May 17 Not. Continuing straight on: Of course not believing me, he investigated the fridge. Anything edible in there was undoubtedly from Mrs Blake. Colonel Raice’s idea of food is to stroll down to the pub in his village—he’s on the outskirts of it, but it’s still an easy stroll—have one or two and then opt for whatever’s going. This depends entirely on whether the publican, not your cheery rubicund stout village identity but a small, perky man characterised by more than one lady in my hearing as “doggy”, has a current girlfriend who can cook. They come and go like anything. If not it’d be ploughman’s, whether for lunch or dinner. And its quality would depend entirely on whether Mr Vivian Richards Twomey (named after the great West Indian cricketer, his father being a huge cricket fan, though he’s White, not Black, which possibly demonstrates that for some Sport overrides racism), as I say, on whether he’d remembered to get round to the baker’s early to buy some of their fabulous wholemeal bread before the trendy lady retirees from the over-restored cottages grabbed it all.

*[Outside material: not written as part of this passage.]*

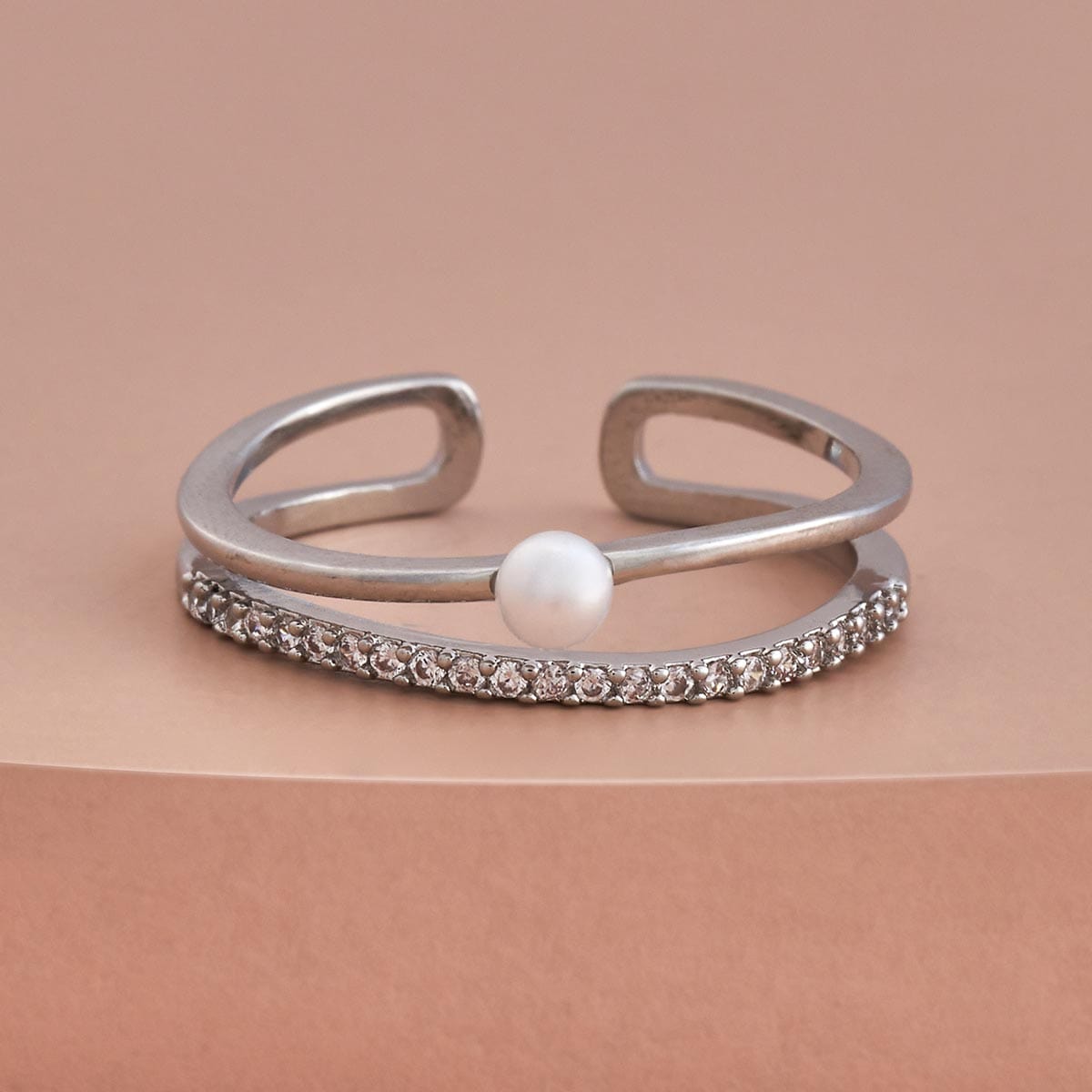 Trendy Zircon Finger Ring Trendy Finger Ring 170998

    Bean Minor removed his small person from the unnecessarily giant refrigerator. “There’s this,” he said dubiously, holding it up.

    Tonic. One of those small bottles, G&Ts for the use of. “It’s very bitter as well as a bit sweet.”

    “I don’t see how it can be both.”

    I eyed him tolerantly. “Try it.”

    He strained over the screw-top cap, gasping, his eyes watering.

    “This requires science.” I searched in the drawers. “Mrs Blake must have been having a go at these,” l said dazedly. “They’re logical.”

    “He told me that he operated on the ‘keep it handy’ principle,” offered Bean Minor uncertainly.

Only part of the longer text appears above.